E a personalização? Fala-se muito em cosméticos personalizados, feito para a pessoa quase que sob medida. Em que pé a perfumaria está nesse sentido? Você vê no médio e no longo prazo, empresas grandes, como o Grupo Boticário, oferecer a possibilidade de um perfume único, a partir da combinação de bases e acordes pré-determinados, como já o fazem algumas marcas de maquiagem?
Acredito que estamos evoluindo no tema, vou dividir em dois aspectos para facilitar o racional. Primeiro, que não é uma questão do Grupo Boticário, é uma questão do consumidor, se ele esta totalmente preparado para personalizar seu perfume. Talvez existam grupos que já busquem isso e precisamos entender suas expectativas e atendê-los. O segundo aspecto é que quando a gente fala em personalização, existem várias elementos que podem ser personalizados tornado o produto especial, como por exemplo escrever o nome no frasco ou no cartucho. Até chegarmos ao ponto de permitir que o consumidor faça a sua própria fragrância – seja na loja, seja em outro lugar – algo mais distante, que envolvem questões regulatórias inclusive. Mas, isso é uma jornada, que tem de começar com uma personalização do atendimento, da experiência do consumidor. E isso, nós já estamos oferecendo nas nossas novas lojas. Na nossa flagship store, em Curitiba, o atendimento é exclusivo. Tem alguns produtos que você só encontra lá, o que torna especial a própria experiência de ir até a loja. Você tem muitas possibilidades.
Mas você vê viabilidade em caminharmos para fragrâncias personalizáveis?

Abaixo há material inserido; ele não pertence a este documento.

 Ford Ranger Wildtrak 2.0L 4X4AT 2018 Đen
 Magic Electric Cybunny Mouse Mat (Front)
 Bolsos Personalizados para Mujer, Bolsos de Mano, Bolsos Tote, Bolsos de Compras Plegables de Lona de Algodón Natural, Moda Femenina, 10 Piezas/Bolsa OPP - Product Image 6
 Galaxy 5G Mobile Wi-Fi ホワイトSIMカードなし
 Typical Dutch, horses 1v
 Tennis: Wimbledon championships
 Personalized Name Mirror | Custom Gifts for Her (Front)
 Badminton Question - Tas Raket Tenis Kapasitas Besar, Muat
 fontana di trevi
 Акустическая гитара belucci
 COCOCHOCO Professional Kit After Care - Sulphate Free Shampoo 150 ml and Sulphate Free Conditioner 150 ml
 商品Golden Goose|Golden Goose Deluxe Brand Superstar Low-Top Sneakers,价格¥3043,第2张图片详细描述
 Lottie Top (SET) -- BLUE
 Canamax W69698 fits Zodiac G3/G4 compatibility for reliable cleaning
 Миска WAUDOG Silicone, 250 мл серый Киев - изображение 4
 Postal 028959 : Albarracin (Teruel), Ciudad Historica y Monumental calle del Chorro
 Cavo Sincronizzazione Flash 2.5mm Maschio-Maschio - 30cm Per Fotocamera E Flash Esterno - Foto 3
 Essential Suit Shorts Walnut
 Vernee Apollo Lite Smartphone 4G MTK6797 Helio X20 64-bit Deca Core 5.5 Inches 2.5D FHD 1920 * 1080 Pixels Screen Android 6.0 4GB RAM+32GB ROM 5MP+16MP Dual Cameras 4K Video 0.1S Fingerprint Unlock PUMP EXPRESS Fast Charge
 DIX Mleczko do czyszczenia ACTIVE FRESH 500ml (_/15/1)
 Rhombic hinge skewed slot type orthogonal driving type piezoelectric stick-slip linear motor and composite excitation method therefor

É um caminho longo pois o mercado não é tão maduro, quando na Europa e USA. Quando você vai falar de fragrância, o nosso público ainda não tem muito vocabulário, existe um desafio para se expressar. Ainda vem se é forte, fraco, fresco… Um amadeirado, um doce, não sai muito disso. Se simplesmente você chegar para o consumidor e falar que ele vai ter uma experiência legal de misturar coisas, sem contexto, sem uma historia, uma razão, talvez ele não ache a experiência tão bacana. Por isso acredito que é um caminho mais longe chegar neste nível. Até lá tem muita coisa legal para fazer que o consumidor gosta, e sim acredito que a customização, a personalização é um mercado que vai crescer.